- Exercise details
Only one stretch of the records below should be repeated. It starts with the line containing "Un total de" and goes on through the line containing "8120 Kincaid Court Charlotte NC 28277", exactly as written.

- Dataset entries

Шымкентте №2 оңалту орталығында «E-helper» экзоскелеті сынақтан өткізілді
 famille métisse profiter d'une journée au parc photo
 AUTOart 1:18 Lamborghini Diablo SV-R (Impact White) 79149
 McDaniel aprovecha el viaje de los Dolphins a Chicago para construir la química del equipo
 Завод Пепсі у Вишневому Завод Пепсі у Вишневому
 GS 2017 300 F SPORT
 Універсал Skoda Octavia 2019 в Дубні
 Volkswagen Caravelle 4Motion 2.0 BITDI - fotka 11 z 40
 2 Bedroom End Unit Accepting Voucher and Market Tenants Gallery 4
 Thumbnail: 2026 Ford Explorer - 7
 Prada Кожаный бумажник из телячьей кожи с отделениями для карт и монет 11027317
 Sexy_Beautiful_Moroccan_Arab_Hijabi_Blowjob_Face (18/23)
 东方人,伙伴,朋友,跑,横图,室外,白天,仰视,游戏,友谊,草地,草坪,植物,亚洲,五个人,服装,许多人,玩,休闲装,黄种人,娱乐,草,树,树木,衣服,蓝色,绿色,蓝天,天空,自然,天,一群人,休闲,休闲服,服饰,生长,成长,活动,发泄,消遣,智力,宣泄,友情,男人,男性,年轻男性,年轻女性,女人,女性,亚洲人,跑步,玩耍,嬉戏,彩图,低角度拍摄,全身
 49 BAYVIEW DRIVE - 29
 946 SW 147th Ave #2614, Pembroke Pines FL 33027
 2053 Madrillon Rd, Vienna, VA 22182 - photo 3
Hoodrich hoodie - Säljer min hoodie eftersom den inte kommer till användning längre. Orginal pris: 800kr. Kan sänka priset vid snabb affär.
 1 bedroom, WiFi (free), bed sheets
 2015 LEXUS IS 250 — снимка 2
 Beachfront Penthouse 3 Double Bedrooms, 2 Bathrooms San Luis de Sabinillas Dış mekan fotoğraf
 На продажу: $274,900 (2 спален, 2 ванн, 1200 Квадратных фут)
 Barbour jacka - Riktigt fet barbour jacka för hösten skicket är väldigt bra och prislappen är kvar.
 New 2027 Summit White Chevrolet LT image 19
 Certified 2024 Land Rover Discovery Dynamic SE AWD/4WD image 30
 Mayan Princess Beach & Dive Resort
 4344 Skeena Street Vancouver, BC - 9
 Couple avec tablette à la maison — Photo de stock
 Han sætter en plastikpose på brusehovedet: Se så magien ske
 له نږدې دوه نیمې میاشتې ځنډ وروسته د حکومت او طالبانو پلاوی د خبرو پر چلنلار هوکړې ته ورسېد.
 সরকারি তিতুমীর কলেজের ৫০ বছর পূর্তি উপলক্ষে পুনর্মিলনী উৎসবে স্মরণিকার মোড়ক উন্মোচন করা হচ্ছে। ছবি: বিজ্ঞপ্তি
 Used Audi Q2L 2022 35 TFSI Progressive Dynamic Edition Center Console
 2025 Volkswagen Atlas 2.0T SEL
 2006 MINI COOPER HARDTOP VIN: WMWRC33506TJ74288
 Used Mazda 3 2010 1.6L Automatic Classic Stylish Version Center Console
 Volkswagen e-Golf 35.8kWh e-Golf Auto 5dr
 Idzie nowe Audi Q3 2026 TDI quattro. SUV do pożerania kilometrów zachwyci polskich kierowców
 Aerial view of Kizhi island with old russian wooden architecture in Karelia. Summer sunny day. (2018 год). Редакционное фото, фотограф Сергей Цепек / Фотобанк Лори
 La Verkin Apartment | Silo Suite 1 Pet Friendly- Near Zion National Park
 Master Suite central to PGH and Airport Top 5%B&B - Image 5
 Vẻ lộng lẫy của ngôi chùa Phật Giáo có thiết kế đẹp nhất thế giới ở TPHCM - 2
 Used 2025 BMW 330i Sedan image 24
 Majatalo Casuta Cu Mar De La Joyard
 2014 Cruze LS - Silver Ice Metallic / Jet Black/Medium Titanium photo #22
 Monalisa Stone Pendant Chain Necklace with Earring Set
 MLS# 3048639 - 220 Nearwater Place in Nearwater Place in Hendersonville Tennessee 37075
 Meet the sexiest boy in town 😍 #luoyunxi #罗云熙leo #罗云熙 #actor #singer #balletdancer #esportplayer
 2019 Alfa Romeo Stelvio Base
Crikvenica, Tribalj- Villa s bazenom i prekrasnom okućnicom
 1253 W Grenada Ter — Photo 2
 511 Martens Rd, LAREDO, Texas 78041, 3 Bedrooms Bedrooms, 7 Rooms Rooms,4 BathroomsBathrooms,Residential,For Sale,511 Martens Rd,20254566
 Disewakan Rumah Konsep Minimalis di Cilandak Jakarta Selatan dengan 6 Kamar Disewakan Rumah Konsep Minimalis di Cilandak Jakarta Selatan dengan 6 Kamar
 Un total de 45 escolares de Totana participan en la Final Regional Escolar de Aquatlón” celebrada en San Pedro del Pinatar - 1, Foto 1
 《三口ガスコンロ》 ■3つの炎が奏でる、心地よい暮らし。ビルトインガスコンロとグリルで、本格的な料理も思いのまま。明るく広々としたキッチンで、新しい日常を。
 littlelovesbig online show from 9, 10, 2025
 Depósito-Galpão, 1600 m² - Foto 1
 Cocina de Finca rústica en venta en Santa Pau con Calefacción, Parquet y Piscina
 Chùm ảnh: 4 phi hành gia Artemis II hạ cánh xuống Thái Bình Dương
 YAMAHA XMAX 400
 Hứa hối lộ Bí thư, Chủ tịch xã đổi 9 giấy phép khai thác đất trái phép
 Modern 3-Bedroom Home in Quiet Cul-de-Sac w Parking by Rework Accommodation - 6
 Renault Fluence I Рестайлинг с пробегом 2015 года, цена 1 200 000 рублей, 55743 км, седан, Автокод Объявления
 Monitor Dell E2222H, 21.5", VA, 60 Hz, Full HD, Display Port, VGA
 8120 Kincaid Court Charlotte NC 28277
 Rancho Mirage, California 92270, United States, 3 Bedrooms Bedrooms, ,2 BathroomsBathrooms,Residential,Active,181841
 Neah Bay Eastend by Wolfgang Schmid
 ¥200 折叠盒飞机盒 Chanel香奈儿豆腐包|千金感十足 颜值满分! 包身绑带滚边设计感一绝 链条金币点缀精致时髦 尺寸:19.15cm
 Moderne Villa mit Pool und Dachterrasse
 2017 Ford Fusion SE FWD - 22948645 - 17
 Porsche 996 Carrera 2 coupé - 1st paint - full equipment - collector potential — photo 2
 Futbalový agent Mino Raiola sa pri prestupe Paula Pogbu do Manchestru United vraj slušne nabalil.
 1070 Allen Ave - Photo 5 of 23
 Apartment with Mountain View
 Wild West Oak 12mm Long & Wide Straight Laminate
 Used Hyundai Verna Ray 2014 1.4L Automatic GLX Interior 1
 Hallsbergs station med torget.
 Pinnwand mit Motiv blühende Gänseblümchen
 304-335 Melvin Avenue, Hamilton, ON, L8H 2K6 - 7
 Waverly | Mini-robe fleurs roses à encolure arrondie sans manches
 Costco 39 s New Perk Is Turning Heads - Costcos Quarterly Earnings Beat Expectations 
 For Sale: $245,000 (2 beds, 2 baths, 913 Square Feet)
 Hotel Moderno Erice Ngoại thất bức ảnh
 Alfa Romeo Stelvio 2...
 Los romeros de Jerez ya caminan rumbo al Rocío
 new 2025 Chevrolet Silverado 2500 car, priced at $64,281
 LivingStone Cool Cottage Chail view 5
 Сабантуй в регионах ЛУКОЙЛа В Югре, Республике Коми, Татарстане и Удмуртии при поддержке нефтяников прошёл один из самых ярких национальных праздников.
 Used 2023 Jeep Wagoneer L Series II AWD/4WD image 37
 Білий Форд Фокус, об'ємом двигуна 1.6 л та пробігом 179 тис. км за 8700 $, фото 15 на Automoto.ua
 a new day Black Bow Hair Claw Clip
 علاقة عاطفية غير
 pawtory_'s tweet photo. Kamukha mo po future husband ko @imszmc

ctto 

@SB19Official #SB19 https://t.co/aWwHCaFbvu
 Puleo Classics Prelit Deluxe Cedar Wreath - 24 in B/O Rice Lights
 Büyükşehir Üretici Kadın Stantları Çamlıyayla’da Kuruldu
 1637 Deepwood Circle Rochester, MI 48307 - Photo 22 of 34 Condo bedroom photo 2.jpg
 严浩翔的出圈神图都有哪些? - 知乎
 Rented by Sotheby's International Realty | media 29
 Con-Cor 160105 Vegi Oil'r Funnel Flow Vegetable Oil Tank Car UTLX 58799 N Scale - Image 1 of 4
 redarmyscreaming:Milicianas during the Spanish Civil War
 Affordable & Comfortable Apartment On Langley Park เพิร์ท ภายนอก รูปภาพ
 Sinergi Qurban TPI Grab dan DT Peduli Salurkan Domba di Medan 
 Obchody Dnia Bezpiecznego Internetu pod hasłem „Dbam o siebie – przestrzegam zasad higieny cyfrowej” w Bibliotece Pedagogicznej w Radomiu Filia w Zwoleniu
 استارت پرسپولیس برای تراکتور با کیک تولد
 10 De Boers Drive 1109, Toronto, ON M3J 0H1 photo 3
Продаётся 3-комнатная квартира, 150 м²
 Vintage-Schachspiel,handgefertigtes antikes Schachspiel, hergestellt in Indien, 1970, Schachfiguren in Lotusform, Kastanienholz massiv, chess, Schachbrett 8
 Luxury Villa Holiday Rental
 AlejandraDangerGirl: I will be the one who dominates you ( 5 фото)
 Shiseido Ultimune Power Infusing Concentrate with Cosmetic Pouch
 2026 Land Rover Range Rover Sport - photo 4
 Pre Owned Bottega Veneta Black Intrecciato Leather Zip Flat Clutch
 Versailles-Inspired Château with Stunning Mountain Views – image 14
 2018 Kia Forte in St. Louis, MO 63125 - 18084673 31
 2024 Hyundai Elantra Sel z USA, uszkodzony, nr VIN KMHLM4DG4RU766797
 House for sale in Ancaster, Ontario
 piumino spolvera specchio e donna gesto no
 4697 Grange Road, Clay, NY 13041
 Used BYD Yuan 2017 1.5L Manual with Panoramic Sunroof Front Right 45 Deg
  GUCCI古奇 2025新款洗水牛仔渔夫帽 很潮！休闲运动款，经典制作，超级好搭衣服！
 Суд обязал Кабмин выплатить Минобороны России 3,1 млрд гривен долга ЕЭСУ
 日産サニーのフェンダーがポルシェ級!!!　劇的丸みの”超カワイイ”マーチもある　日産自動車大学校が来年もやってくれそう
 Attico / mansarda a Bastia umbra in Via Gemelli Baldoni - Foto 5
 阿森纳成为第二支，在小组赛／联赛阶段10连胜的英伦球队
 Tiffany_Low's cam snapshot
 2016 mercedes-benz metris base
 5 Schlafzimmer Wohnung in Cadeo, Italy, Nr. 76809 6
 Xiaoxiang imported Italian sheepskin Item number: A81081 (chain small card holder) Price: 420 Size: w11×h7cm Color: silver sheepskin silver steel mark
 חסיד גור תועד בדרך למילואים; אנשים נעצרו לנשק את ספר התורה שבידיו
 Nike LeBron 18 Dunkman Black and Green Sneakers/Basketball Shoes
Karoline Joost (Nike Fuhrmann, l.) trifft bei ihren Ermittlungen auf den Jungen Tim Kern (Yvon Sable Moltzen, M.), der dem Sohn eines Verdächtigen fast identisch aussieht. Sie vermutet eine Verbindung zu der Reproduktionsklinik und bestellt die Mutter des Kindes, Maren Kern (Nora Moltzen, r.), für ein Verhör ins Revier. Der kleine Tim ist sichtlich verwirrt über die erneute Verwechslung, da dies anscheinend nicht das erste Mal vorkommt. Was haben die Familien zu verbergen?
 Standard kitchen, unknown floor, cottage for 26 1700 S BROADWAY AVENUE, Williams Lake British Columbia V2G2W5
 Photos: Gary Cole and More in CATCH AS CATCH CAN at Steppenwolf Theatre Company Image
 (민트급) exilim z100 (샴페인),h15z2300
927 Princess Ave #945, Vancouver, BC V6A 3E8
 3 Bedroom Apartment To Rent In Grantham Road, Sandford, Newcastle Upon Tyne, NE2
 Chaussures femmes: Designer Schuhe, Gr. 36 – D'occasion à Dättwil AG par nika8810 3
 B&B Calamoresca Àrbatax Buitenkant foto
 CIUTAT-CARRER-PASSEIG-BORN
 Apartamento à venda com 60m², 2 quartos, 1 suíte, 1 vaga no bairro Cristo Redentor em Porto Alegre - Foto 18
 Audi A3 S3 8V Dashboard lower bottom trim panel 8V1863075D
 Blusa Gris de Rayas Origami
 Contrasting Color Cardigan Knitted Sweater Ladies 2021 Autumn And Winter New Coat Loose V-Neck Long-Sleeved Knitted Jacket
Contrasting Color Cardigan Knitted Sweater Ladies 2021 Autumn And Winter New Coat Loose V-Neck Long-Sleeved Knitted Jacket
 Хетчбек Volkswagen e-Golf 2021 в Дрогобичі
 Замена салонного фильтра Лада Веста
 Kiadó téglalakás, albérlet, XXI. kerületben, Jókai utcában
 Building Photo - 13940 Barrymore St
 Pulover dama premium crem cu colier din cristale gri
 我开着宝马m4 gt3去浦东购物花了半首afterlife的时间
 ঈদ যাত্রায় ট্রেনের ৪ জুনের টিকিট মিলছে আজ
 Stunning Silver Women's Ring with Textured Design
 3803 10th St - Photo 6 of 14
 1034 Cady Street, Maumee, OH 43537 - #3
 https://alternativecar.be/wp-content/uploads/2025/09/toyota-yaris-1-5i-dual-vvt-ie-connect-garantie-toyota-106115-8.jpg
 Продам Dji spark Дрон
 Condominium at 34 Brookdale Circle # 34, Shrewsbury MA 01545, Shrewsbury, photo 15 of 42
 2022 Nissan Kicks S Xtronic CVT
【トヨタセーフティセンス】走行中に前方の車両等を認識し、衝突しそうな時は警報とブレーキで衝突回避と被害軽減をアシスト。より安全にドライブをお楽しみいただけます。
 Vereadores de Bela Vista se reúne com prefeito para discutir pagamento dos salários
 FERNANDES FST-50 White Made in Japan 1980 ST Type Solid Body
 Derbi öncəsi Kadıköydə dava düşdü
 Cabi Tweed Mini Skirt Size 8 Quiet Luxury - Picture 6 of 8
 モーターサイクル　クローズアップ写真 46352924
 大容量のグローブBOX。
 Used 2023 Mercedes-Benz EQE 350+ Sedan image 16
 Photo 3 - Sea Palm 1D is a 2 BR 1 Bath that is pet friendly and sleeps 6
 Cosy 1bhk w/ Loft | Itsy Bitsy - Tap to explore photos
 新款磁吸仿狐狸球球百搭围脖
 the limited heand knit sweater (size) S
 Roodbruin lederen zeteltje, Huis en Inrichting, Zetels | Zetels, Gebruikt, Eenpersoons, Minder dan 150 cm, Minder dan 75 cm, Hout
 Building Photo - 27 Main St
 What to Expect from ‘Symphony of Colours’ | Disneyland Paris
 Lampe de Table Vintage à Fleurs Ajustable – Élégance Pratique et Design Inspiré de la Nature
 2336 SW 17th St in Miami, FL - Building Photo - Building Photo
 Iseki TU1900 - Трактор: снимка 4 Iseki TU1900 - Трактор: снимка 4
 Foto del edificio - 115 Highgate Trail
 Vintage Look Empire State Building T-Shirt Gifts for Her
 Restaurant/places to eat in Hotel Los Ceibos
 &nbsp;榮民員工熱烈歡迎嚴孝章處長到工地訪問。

- Problem solution
 Un total de 45 escolares de Totana participan en la Final Regional Escolar de Aquatlón” celebrada en San Pedro del Pinatar - 1, Foto 1
 《三口ガスコンロ》 ■3つの炎が奏でる、心地よい暮らし。ビルトインガスコンロとグリルで、本格的な料理も思いのまま。明るく広々としたキッチンで、新しい日常を。
 littlelovesbig online show from 9, 10, 2025
 Depósito-Galpão, 1600 m² - Foto 1
 Cocina de Finca rústica en venta en Santa Pau con Calefacción, Parquet y Piscina
 Chùm ảnh: 4 phi hành gia Artemis II hạ cánh xuống Thái Bình Dương
 YAMAHA XMAX 400
 Hứa hối lộ Bí thư, Chủ tịch xã đổi 9 giấy phép khai thác đất trái phép
 Modern 3-Bedroom Home in Quiet Cul-de-Sac w Parking by Rework Accommodation - 6
 Renault Fluence I Рестайлинг с пробегом 2015 года, цена 1 200 000 рублей, 55743 км, седан, Автокод Объявления
 Monitor Dell E2222H, 21.5", VA, 60 Hz, Full HD, Display Port, VGA
 8120 Kincaid Court Charlotte NC 28277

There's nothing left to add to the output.